Writing for the Atlantic , Alan Jacobs reports some insightful lessons from a study session led by Rabbi Jacob Schachter aimed at formulating a sound religious posture toward the internet. Jacobs was thrown off at first when Rabbi Schacter introduced the session by handing out a three-ring binder filled with photocopies of rabbinic legal sources regarding the proper execution of a get (a ’ get ’ is a traditional Jewish document of divorce)—a matter with no apparent relevance to the session’s supposed topic.
This seemed a strange way to proceed, but I soon saw the sense of it, because traditionally a get had to be written by a sofer (scribe) according to a very strict protocol—and with the rise of the printing press in the sixteenth century, debates ensued among rabbis about whether a printed get could ever be legitimate.
Why was there no printing press in the time of the Patriarchs, or of the sages of the Mishnah ? Were these not great and wise men—men who talked with God!—who could have invented the printing press had they thought it appropriate to do so, or had God so instructed them? And was not their failure to do so an indication that the printing press is to be shunned? Some thought so, but others replied, no, not at all: The fact that these men were great sages who knew God did not mean that they could overleap the state of their own age. Technology develops incrementally in any given culture, and even the wisest men of God have no power to escape those conditions.

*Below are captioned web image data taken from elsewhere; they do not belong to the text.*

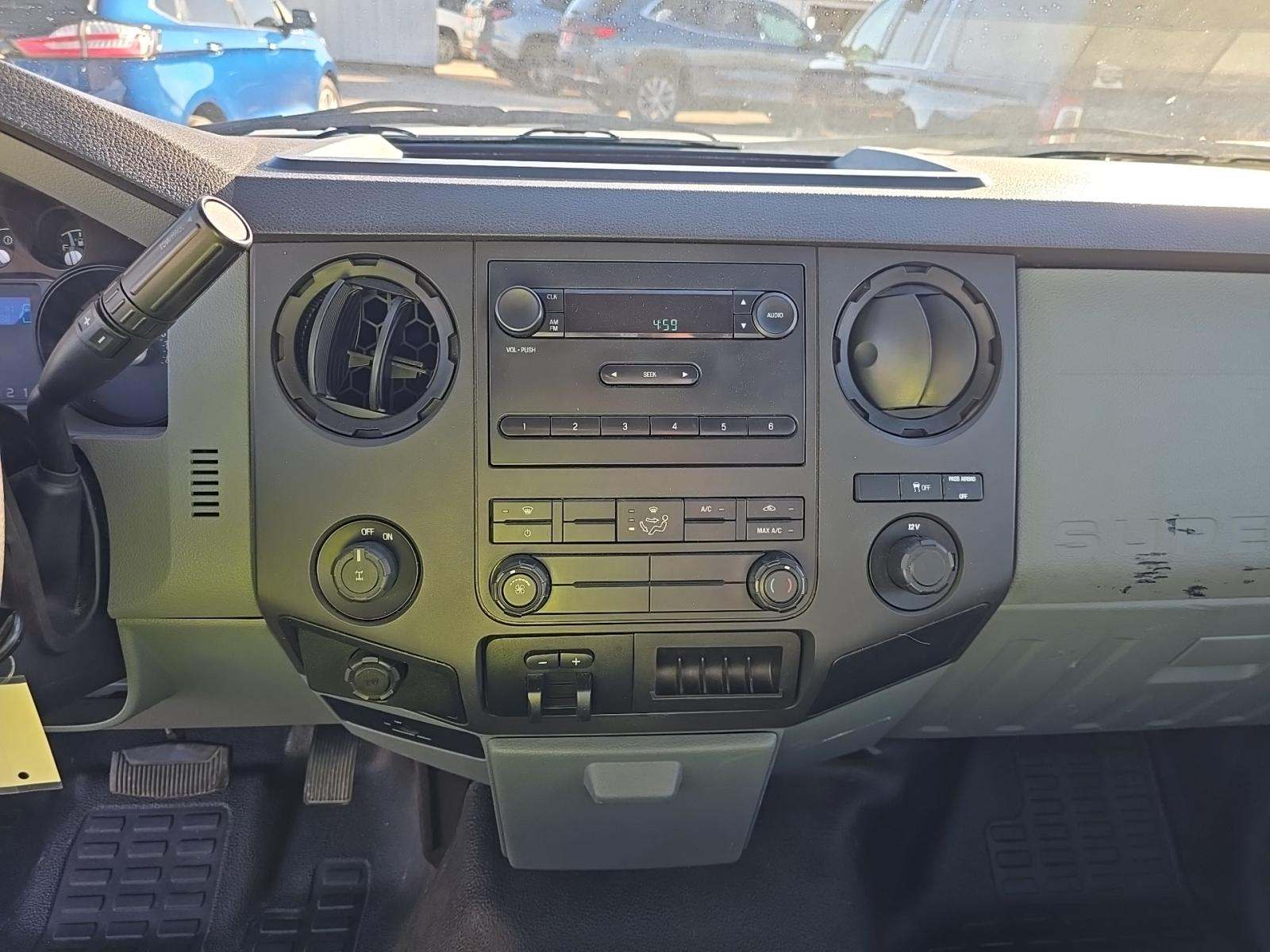 FORD F-250 - 6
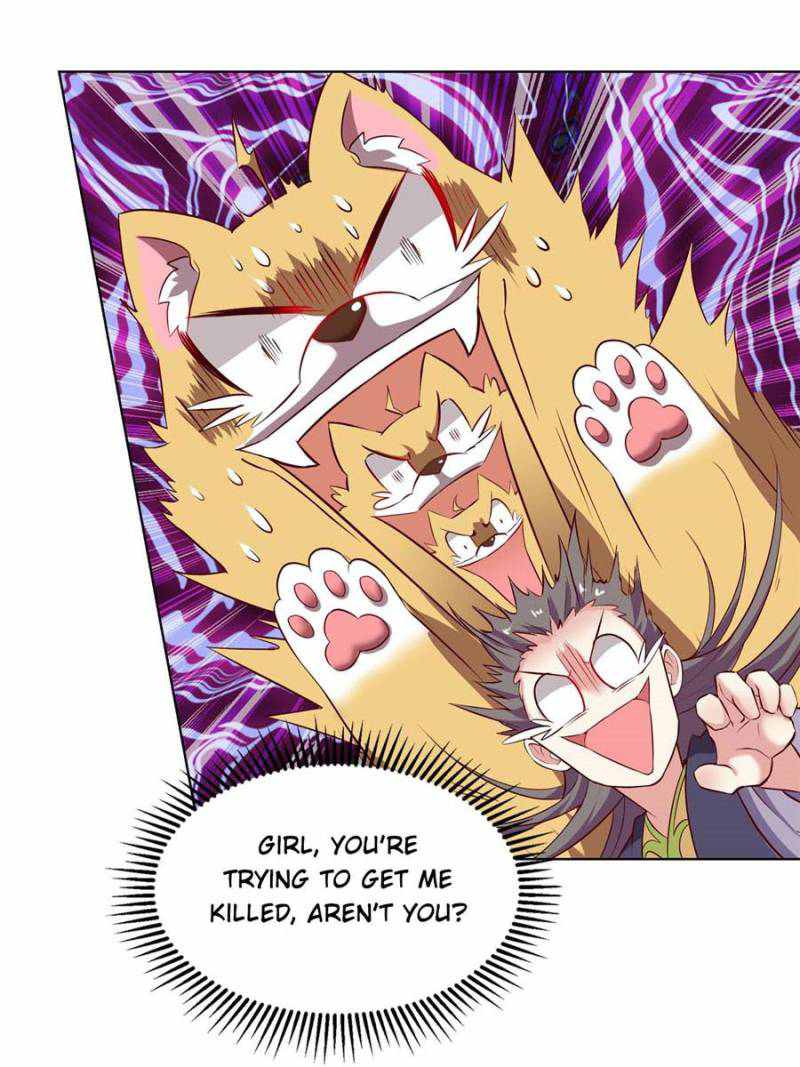 Reborn as a Dog Chapter 39 45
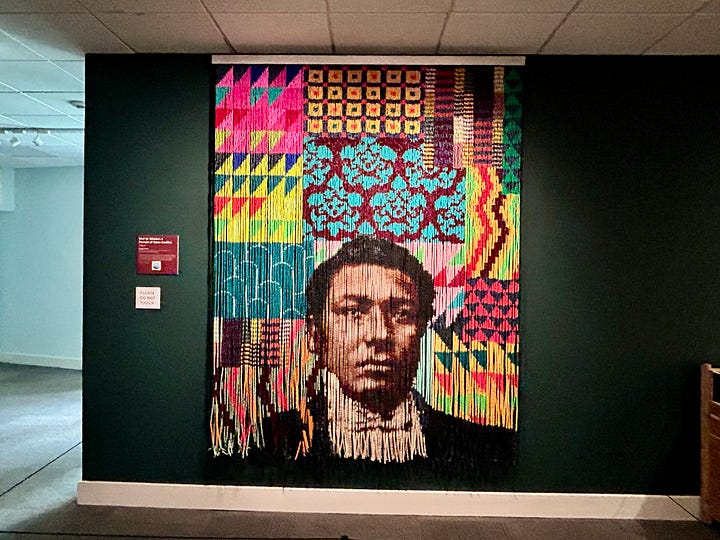 exhibits, scale, museum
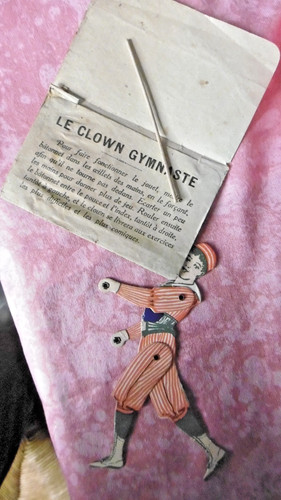 Wood milne vieux - ,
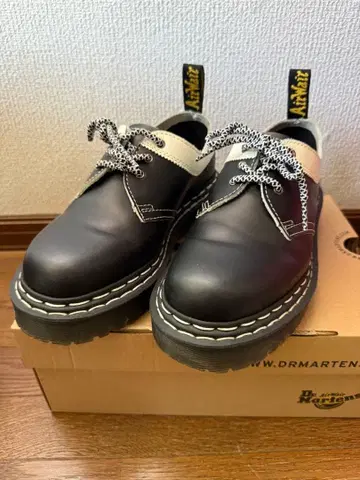 닥터마틴 1461 BEX DS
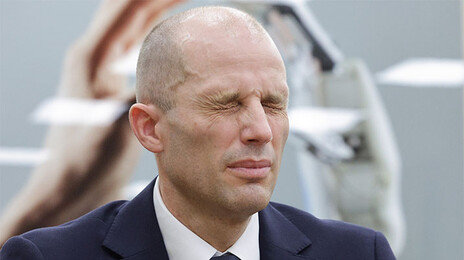 “김범석 왜 안왔나” 묻자…쿠팡 임시대표 “Happy to be here”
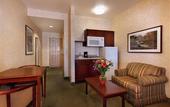 Туры в отель Prominence Hotel And Suites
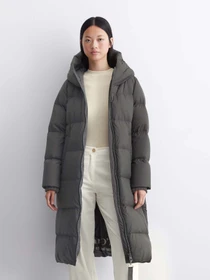 Куртки та дублянки Marc O’Polo модель 409087471283-964 Фото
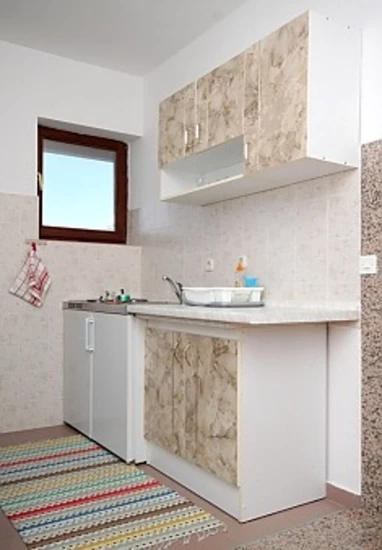 Apartmán Severní Dalmácie - Starigrad Paklenica DA 10630 N4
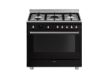 Picture of Smeg Gas Cooker – SSA91MABL2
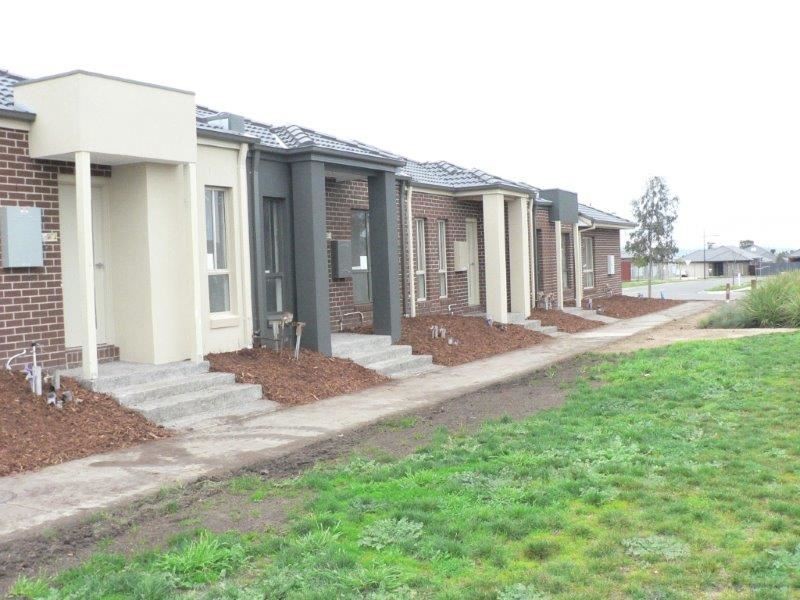 Lot 6 Stoke Circuit, Epping VIC 3076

Schacter’s message was that contemporary Jewish leader’s coming to terms with today’s technology will require that they, in Jacobs’ words, “think as seriously and as faithfully as their ancestors did about the printing press.” The take-away for Jacobs: “By entering into the conversation with those we admire from the past, we can practice the habits of mind we need in order to be discerning users of technology today.” A valuable lesson indeed.